The Numbers You Need to Know
Deezer tagged over 13.4 million AI-generated tracks on its own platform in 2025. Wow. Every day, 75,000 new AI songs are uploaded, which works out to 44% of all daily uploads. This isn’t a fringe problem anymore. It’s structural.
There’s one number in particular that matters for musicians and producers: up to 85% of AI streams are fraudulent. AI-generated music is frequently tied to stream manipulation. Deezer filters and demonetizes fake streams to push back against that, but the broader picture is clear.
In plain terms: AI music isn’t just eating into streaming share, it’s actively distorting how royalties flow. Anyone who depends on streaming income, or who relies on algorithmic playlist placement to reach listeners, is competing against a growing volume of automatically generated content that’s often being artificially streamed on top of that.
What Listeners Actually Think
80% of users think AI-generated music should be clearly labeled. 73% want to know whether their streaming platform is recommending AI music to them. 45% would filter out fully AI-generated music from their recommendations entirely. What do you think? Drop your take in the comments, genuinely curious to hear different perspectives on this one.
Deezer has already acted on its own platform: AI music is excluded from algorithmic and editorial recommendations, and tracks are labeled in the interface. No other major streaming platform has introduced comparable measures so far.
What This Means for Musicians and Producers
97% of people can’t tell the difference between an AI-generated song and a human-made one. That’s partly a quality argument for AI music, and partly a serious problem for the broader ecosystem. If listeners can’t tell the difference, most of them will just hear whatever the algorithm serves up. And the algorithm is getting flooded with AI content.
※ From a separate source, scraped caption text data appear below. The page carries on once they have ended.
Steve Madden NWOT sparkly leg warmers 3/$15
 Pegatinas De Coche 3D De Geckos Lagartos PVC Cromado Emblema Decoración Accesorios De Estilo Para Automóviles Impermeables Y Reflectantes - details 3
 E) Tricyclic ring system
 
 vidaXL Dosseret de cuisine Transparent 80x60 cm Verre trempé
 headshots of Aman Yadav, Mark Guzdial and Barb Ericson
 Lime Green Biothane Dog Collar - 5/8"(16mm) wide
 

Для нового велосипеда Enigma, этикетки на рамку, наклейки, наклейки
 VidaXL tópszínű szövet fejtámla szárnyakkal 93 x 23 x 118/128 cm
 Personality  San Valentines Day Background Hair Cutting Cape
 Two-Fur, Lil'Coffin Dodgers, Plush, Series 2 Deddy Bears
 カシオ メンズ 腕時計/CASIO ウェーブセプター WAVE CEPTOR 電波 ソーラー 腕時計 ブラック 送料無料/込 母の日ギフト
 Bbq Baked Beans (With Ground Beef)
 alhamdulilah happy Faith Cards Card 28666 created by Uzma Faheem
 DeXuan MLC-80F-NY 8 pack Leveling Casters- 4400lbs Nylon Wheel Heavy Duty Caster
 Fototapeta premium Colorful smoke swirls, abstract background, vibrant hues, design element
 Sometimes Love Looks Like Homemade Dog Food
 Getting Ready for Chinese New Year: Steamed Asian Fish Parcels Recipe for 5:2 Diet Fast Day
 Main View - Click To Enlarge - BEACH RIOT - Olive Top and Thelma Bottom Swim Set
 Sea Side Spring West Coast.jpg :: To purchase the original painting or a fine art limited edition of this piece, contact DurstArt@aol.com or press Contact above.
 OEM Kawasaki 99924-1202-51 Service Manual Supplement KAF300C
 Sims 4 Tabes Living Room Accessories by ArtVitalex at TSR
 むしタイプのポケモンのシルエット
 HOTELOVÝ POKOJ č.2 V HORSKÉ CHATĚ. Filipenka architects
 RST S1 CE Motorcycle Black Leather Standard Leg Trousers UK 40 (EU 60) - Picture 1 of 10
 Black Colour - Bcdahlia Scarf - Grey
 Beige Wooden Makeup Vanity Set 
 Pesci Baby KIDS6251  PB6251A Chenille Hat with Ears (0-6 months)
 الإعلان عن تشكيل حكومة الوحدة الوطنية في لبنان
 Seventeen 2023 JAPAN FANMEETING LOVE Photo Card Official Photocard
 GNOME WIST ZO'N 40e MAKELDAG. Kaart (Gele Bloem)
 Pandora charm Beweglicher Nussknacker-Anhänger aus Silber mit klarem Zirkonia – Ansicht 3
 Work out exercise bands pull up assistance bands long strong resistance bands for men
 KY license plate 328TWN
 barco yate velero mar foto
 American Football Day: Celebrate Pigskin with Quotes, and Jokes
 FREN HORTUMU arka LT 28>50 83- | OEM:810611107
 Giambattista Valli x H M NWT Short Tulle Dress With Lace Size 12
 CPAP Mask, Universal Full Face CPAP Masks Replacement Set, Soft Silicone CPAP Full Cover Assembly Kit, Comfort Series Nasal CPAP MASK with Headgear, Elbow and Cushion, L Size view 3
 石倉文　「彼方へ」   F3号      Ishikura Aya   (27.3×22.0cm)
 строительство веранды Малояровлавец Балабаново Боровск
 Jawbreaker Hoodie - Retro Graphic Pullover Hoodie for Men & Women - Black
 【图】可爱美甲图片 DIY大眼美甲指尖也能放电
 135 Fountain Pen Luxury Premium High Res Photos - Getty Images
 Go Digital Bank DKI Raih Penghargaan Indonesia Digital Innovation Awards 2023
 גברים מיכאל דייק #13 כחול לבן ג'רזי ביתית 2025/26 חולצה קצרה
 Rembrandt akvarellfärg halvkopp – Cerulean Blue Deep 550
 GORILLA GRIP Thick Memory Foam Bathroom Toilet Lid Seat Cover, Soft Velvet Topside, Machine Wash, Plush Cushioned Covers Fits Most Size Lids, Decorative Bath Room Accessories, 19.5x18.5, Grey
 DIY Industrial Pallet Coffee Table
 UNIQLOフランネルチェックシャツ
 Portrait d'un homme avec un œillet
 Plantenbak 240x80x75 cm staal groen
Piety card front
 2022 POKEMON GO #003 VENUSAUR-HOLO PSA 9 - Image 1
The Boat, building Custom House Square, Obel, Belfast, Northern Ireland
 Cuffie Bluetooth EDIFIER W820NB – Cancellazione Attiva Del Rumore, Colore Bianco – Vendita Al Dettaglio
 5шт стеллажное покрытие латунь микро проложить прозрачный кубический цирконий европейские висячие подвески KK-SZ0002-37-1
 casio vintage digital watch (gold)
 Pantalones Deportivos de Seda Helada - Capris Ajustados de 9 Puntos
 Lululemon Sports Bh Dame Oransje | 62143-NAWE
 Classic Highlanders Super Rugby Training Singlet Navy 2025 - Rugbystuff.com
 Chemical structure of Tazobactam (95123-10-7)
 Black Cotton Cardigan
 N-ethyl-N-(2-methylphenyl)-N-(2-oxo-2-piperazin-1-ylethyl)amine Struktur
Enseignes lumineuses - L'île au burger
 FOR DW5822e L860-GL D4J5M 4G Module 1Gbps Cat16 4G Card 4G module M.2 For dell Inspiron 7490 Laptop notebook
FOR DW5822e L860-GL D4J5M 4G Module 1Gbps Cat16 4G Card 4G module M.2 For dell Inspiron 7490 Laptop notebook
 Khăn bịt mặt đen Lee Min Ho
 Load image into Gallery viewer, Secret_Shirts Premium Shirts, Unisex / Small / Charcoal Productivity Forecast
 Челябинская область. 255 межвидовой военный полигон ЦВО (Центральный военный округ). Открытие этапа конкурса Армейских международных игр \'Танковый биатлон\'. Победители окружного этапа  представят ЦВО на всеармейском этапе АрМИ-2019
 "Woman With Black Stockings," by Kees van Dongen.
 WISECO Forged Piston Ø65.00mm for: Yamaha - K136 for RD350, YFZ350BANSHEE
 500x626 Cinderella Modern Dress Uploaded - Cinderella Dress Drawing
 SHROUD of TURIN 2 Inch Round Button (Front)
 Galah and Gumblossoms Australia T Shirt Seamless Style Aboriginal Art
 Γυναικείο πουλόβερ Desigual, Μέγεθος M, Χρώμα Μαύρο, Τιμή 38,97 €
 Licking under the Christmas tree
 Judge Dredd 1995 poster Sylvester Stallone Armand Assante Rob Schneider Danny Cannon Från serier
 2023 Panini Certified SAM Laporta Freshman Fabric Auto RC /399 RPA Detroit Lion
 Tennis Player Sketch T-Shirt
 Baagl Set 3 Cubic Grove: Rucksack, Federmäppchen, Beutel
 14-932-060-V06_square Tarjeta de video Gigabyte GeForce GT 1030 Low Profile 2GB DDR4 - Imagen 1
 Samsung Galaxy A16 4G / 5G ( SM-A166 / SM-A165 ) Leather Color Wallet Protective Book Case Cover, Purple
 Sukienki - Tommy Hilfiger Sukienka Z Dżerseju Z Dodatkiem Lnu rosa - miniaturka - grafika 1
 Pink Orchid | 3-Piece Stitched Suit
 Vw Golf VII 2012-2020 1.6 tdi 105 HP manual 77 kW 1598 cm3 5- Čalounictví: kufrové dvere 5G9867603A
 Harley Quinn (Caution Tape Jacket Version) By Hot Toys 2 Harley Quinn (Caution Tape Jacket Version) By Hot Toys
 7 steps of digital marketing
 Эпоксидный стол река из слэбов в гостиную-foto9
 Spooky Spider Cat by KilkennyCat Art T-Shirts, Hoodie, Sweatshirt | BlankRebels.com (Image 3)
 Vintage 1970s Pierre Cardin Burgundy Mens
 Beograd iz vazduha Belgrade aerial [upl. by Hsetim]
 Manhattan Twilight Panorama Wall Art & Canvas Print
The Deezer tool is a first practical step in the right direction. Whether it catches every edge case and how well it handles AI-generated elements mixed into otherwise human-made tracks is an open question. But for musicians who want to understand what environment their own songs are landing in on streaming platforms, this is at least a real look at the actual situation. Whether other platforms follow with similar transparency measures remains to be seen. It would be about time.